Blood test may detect Alzheimer's disease before symptoms appear

A new blood test is under development that has detected two kinds of proteins found in people suffering Alzheimer's.

Dr Simon Lovestone
Dr Simon Lovestone

100 years ago this November, Dr Alois Alzheimer produced the first description of the disease that would take his name. Today, in the UK, France, Italy or Germany around 750,000 to a million people suffer Alzheimer’s disease.  There is still no cure, the afflicted and their families still suffer, and research is under-funded.
However, a new blood test is under development that has detected two kinds of proteins found in people suffering Alzheimer’s, and this could be used to diagnose the disease long before there are any symptoms, thus enabling earlier treatment.
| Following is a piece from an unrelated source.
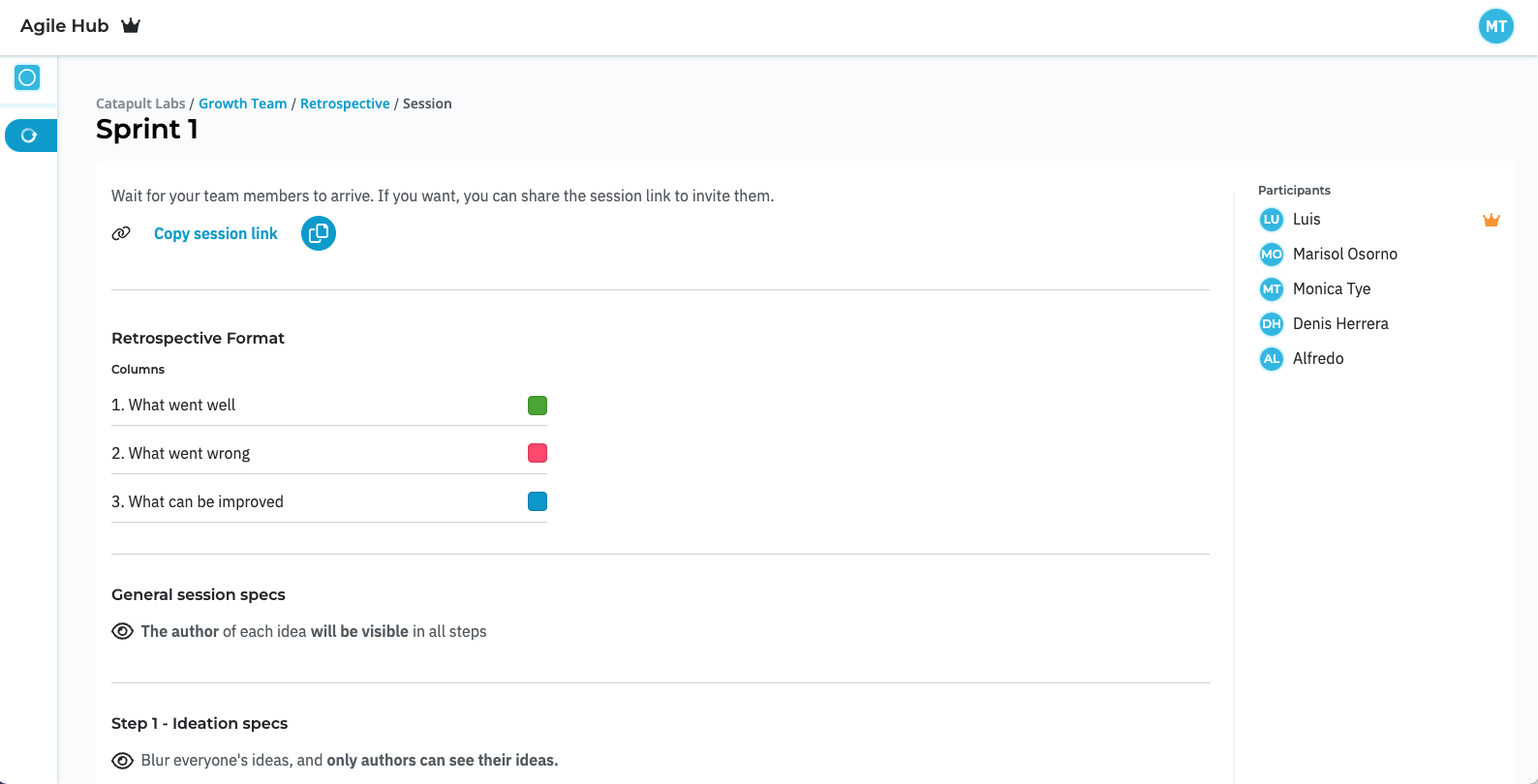 Agile Hub gallery image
Aiming to develop a biomarker to aid diagnosis or monitor disease progression, researchers led by Dr Simon Lovestone, at the MRC Centre for Neurodegeneration Research, King’s College London, and the Institute of Psychiatry, London, have used two-dimensional gel electrophoresis coupled with mass spectrometry to search for biomarkers in peripheral tissue. Describing their study* Dr Lovestone said: ‘We performed a case–control study of plasma using this proteomics approach to identify proteins that differ in the disease state relative to aged controls.’ For the discovery-phase proteomics analysis, 50 Alzheimer’s dementia patients and 50 healthy elderly people, were recruited. For validation, 511 people with Alzheimer’s and other neurodegenerative diseases and healthy elderly volunteers were examined. ‘Image analysis of the protein distribution of the gels alone identifies disease cases with 56% sensitivity and 80% specificity. Mass spectrometric analysis of the changes observed in 2-D electrophoresis identified a number of proteins previously implicated in the disease pathology, including complement factor H (CFH) precursor and -2-macroglobulin (-2M). Using semi-quantitative immunoblotting, the elevation of CFH and -2M was shown to be specific for Alzheimer’s disease and to correlate with disease severity although alternative assays would be necessary to improve sensitivity and specificity. These findings suggest that blood may be a rich source for biomarkers of Alzheimer’s disease and that CFH, together with other proteins such as -2M may be a specific markers of this illness.’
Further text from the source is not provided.